On a beaucoup débattu ces derniers jours sur l’augmentation des tarifs de la cantine, mais j’aurais aimé qu’on ait également des débats sur d’autres indicateurs. A Alfortville, nous n’avons pas augmenté le tarif de nos cantines, et dans le même temps le taux de non-recouvrement a bondi du fait des difficultés sociales de plus en plus importantes pour les familles fragiles. Elles ne priorisent plus le paiement de cette dépense, elles savent que la puissance publique n’empêchera pas les enfants de manger, sauf de rares cas pas représentatifs. Les difficultés de fonctionnement s’accumulent donc, et, à un moment, il y aura des choix à faire

Des choix ?

Les élus abonderont les budgets des CCAS, mais ce seront des choix à faire à budget global constant. Nos moyens n’augmentent pas, avec la suppression de la taxe d’habitation, pour Alfortville, c’est 500 000 euros en moins chaque année. Alors même que l’augmentation de 3,5 % du point d’indice des fonctionnaires, décidée par le gouvernement sans concertation, coûte 800 000 euros de plus, sur les 66 millions de budget de fonctionnement.
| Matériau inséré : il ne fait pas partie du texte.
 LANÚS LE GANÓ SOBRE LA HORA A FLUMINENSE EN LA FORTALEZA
On commence donc déjà à lisser sur deux mandats les projets annoncés pendant la campagne. Il y a une nécessité de contosions de la part des élus pour bien faire les projets, sans augmenter les impôts ou coûts annexes (cantine, piscine, médiathèque…). Concernant le plan sobriété, il faudra des aides de l’État pour faire face. Pour ceux qui ne peuvent payer leurs factures énergétiques, il faut lutter – et c’est une obligation – contre les passoires thermiques. Les bailleurs sociaux se sont engagés, mais sans l’État, on n’y arrivera pas.
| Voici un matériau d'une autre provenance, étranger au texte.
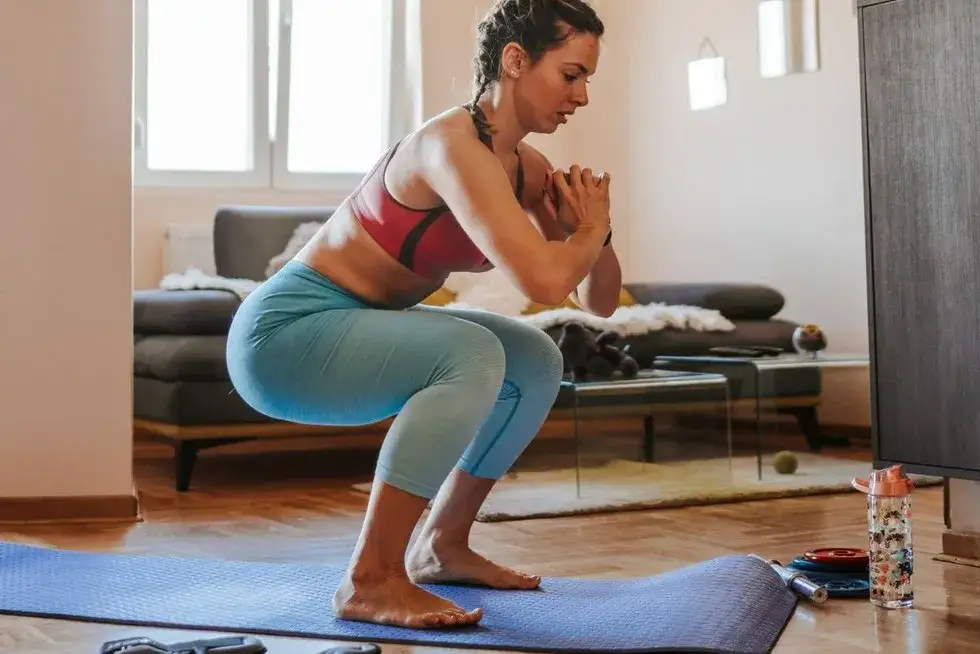 Skuteczne ćwiczenia na pośladki: Dom i Siłownia - Efekty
Et il faut que le gouvernement cesse de demander aux collectivités d’en faire toujours plus. J’ai entendu la Première ministre expliquer que c’était aux maires de faire respecter l’obligation d’éteindre les lumières dans les entreprises entre 1 et 6 heures. Mais comment je fais ? Je ne peux sans moyen recruter pour faire respecter cette obligation. Et les exemples sont nombreux. Nous sommes face à un gouvernement de techniciens, avec peu d’élus locaux, on en paie le prix…

Vous parlez du plan sobriété, comment les CCAS vont y participer ?
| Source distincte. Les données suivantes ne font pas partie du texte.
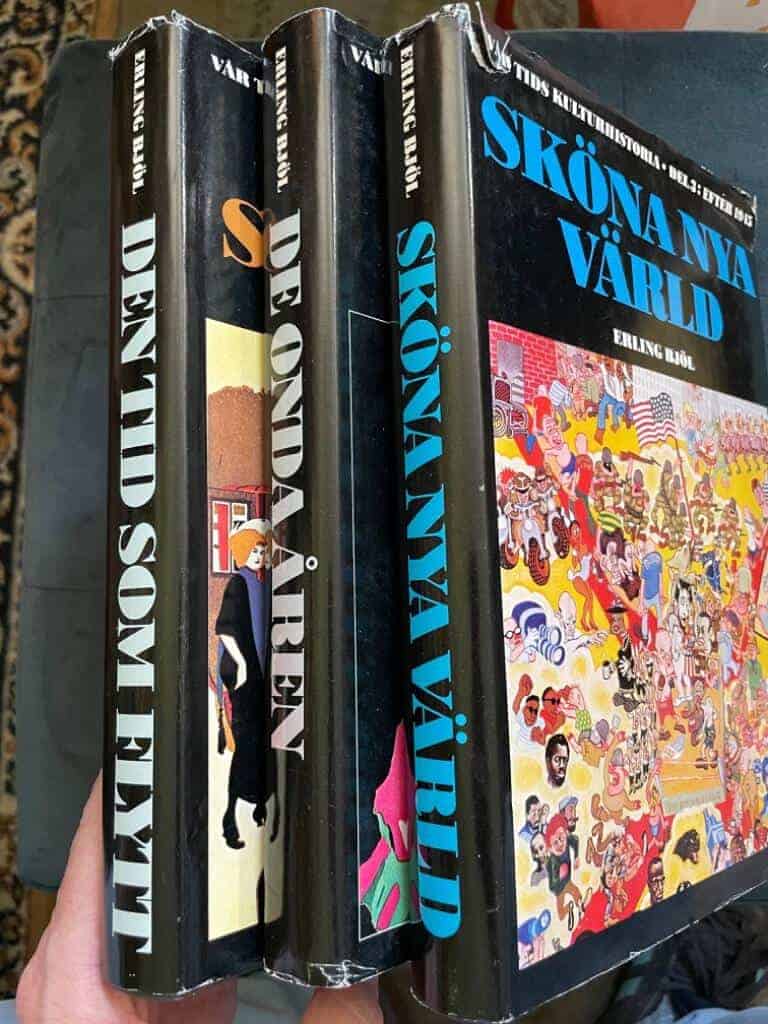 Erling Bjöl : Vår tids kulturhistoria 1-3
Tous les exécutifs locaux vont plancher sur leur plan sobriété. Les CCAS ne sont pas une priorité en terme d’impact, mais il faut qu’ils soient visibles de la population, qu’elle sache où trouver une aide si elle en a besoin. Pour le traditionnel « villages des associations » de la rentrée, j’ai demandé que le plan classique soit totalement revu et que les associations qui touchent les publics défavorisés et le CCAS soient installés dès l’entrée de la manifestation pour qu’elles soient plus visibles.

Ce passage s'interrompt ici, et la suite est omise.